* [Aim of the task] Each line in the data must be reproduced as written, except for any picture.

* [Data]
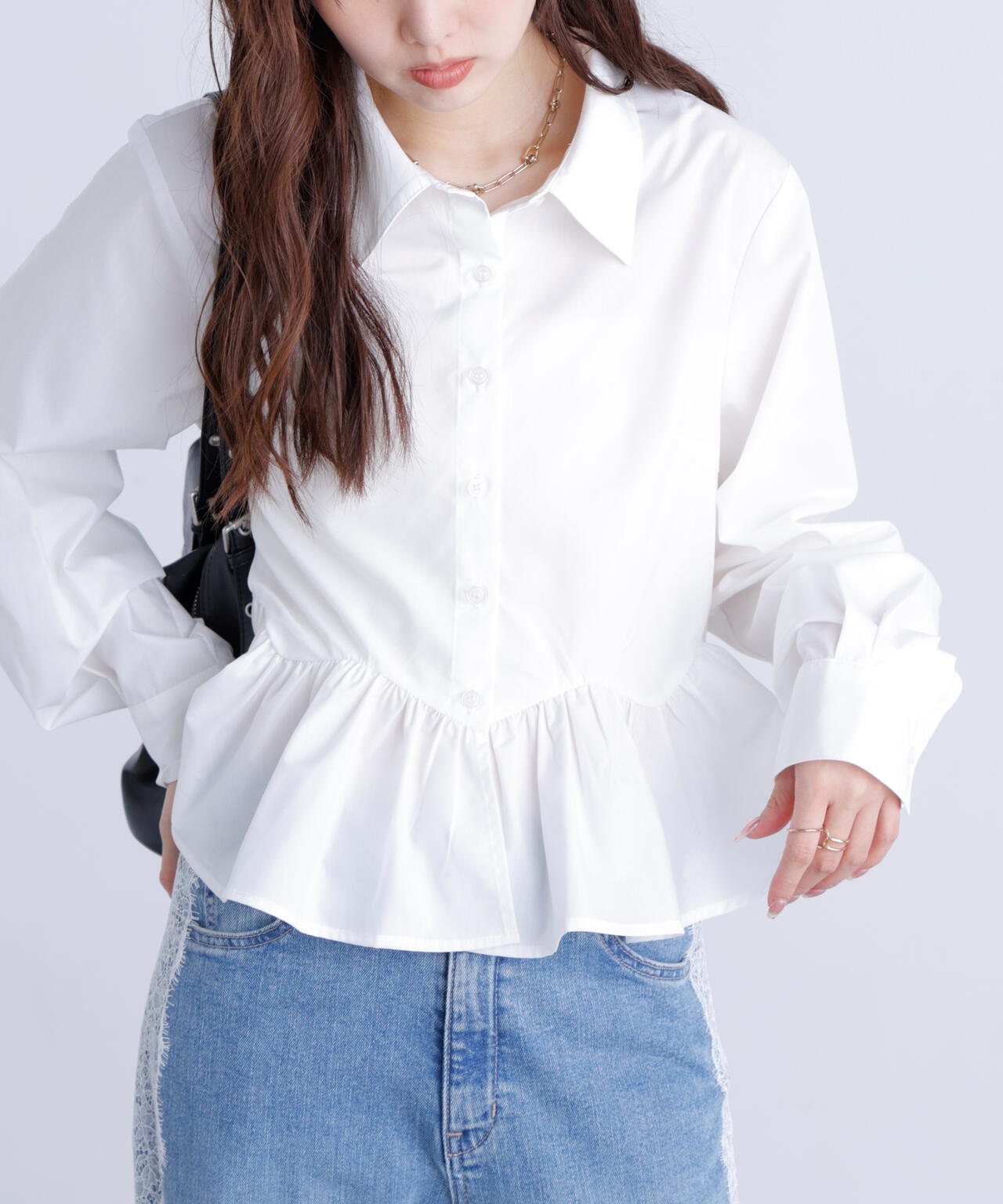 162cm 着用サイズ:FR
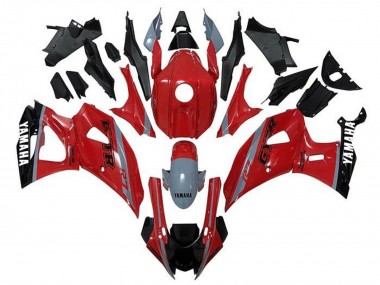 Carena Moto Yamaha YZF R7 2021-2024 - Rosso Grigio Nero Bianco Sconto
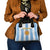 Argentina Football Shoulder Handbag Albiceleste Unique Style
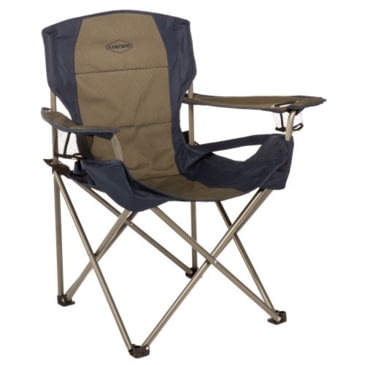 lumbar support folding chair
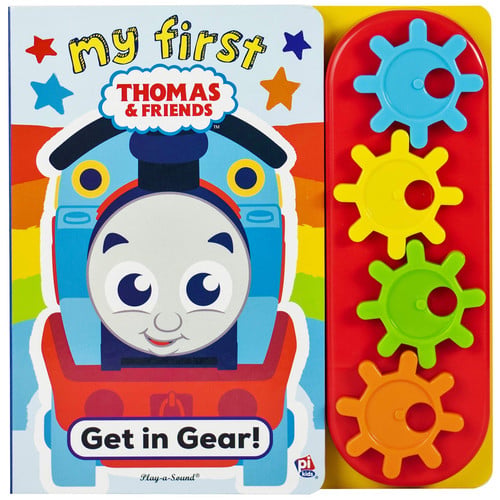 My First Thomas and Friends Get in Gear! a STEM Gear Sound Book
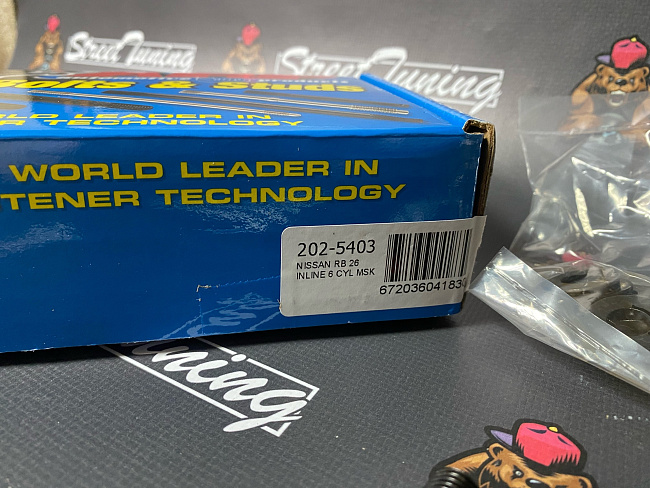 картинка ARP болты коренных подшипников Nissan RB20 RB25 RB26 RB30 магазин  StreetTuning 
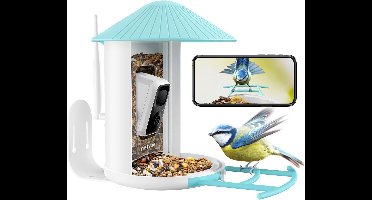 Vogelhuisje Met Camera - Voederhuisje - Nestkast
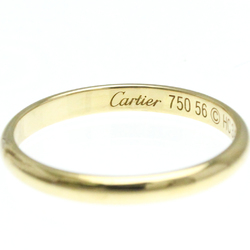 カルティエ(Cartier) 1895 ウェディングリング K18イエローゴールド(K18YG) ファッション 無し バンドリング ゴールド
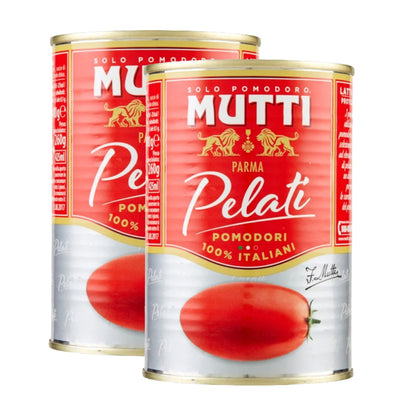 Tomates Nus Mutti 400g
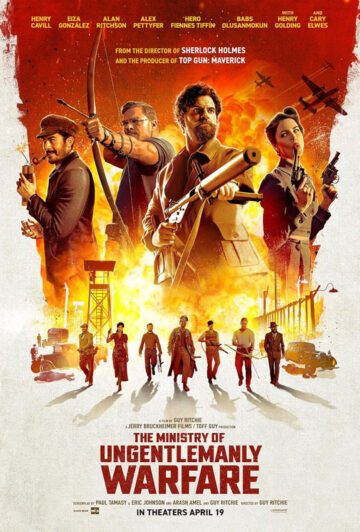 فیلم The Ministry of Ungentlemanly Warfare 2024 وزارت جنگ ناجوانمردانه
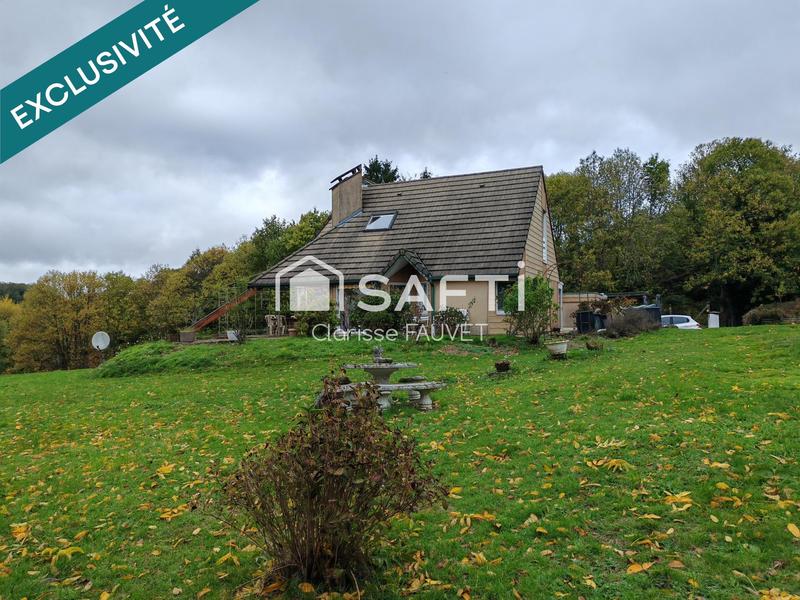 Maison - 125 m² - 5 pièces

* [Response to this exercise]
 162cm 着用サイズ:FR
 Carena Moto Yamaha YZF R7 2021-2024 - Rosso Grigio Nero Bianco Sconto
 Argentina Football Shoulder Handbag Albiceleste Unique Style
 lumbar support folding chair
 My First Thomas and Friends Get in Gear! a STEM Gear Sound Book
 картинка ARP болты коренных подшипников Nissan RB20 RB25 RB26 RB30 магазин  StreetTuning 
 Vogelhuisje Met Camera - Voederhuisje - Nestkast
 カルティエ(Cartier) 1895 ウェディングリング K18イエローゴールド(K18YG) ファッション 無し バンドリング ゴールド
 Tomates Nus Mutti 400g
 فیلم The Ministry of Ungentlemanly Warfare 2024 وزارت جنگ ناجوانمردانه
 Maison - 125 m² - 5 pièces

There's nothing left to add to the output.